Almost every dollar bill that I ever saw, was either beat up to the point where you couldn't use it in a vending machine, or was less than a month old. The average life of a cotton fibre banknote is about seven weeks or so the Reserve Bank of Australia tells us in their website for polymer banknotes. I regularly find coins in change from 1966 which was 46 years ago.
Before I contradict myself and point out that the penny is a coin, may I remind you that at just 5% which is a fairly conservative rate of inflation, the US Dollar now has the same buying power of less than a cent of 100 years ago. This is important.
People are strange creatures and although economics likes to assume that they're rational beings, the truth is very very different. There exists a phenomenon called the "Denomination Effect" which says that people are more likely to spend smaller units of currency. There exists a sort of strange inhibition to spend a fifty dollar note which doesn't really happen with a five or a one. It also extends to coins and notes. Curiously people are more inclined to spend a coin as opposed to a note, even if the two are of identical value.

Lady Liberty: Incensed by the waste

By switching to a Dollar Coin and to keep ten billion dollars in circulation, even if you assume a 3% loss through damage, loss or hoarding, for five years you only need to produce 11.6 billion coins. To keep ten billion dollars in notes circulating over the same period requires the production of 37.1 billion banknotes. Admittedly this is also true for the five and ten dollar notes so only sentiment holds them back as well.

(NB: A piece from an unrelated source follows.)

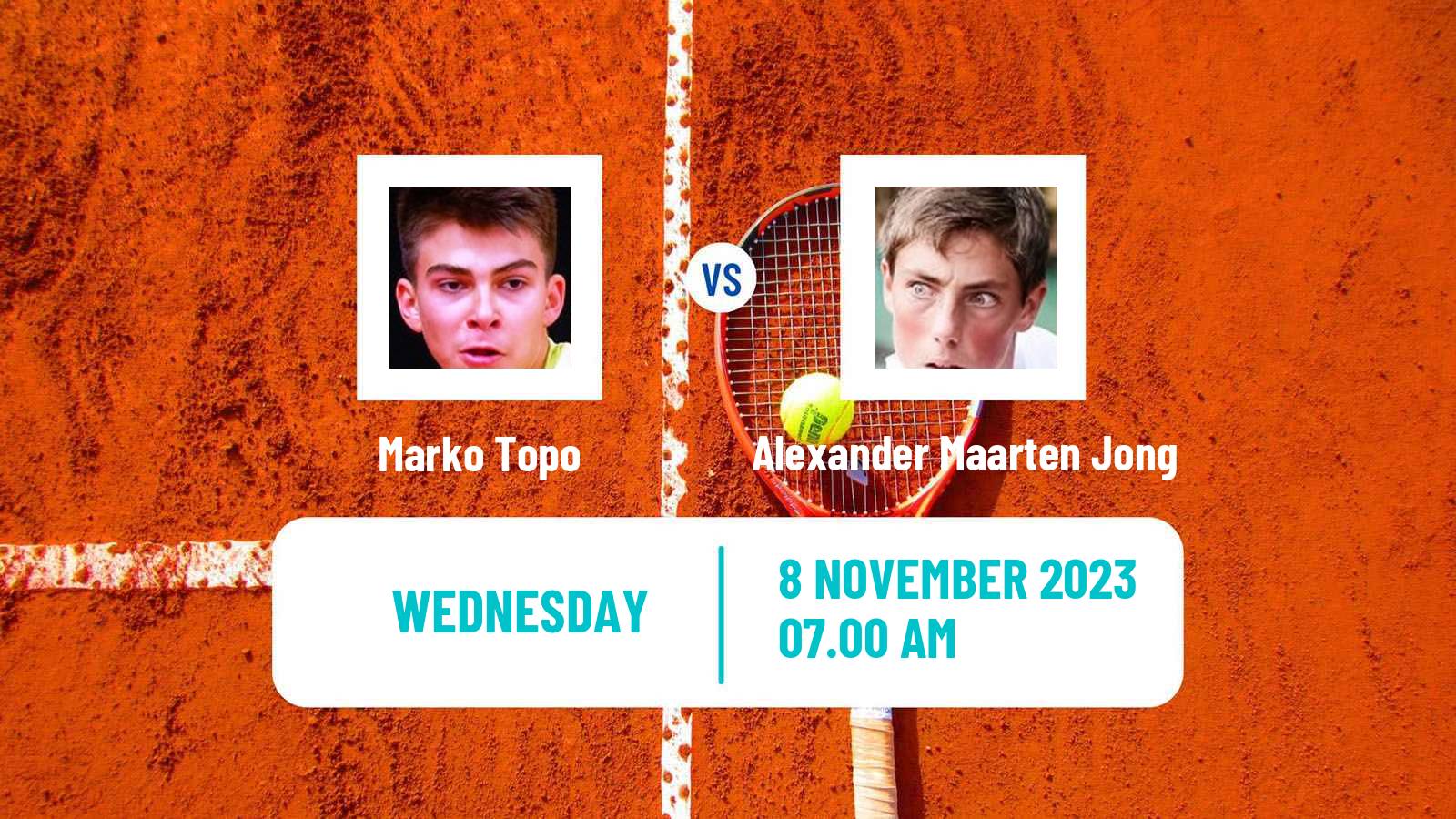 Tennis ITF M25 Trnava 2 Men Marko Topo - Alexander Maarten Jong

In December 2011, Secretary of the Treasury Timothy F. Geithner directed that the United States Mint suspend minting and issuing circulating Presidential $1 Coins.   Regular circulating demand for the coins will be met through the Federal Reserve Bank's existing inventory of circulating coins minted prior to 2012.   
- US Mint Website, as at 13th Nov 2012
http://www.usmint.gov/mint_programs/$1coin/index.cfm

Then What?
Would either of these policies lead to inflation? The experience of Australia, New Zealand, and Canada only this year which ditched its one (and two) cent coins would suggest that the overall impact of such a policy would be almost negligible.
Generally the main use for pennies, nickels and dollar bills is for low valued transactions anyway. Transactions like these are almost exclusively for consumable items, so by spinning those wheels of the economy faster, in theory it should create a small bump in overall consumer spending, which is after all the very point.

As for sentimentality, I don't really know if Mr Lincoln would be very happy about having his face on something which is seen as an annoyance; Mr Jefferson fares not much better with his face on the nickel and Mr Washington would probably object to the fact that his face is constantly being beaten up on the dollar bill. Only Ben Franklin who is smugly smiling away on the hundred appears happy with his lot.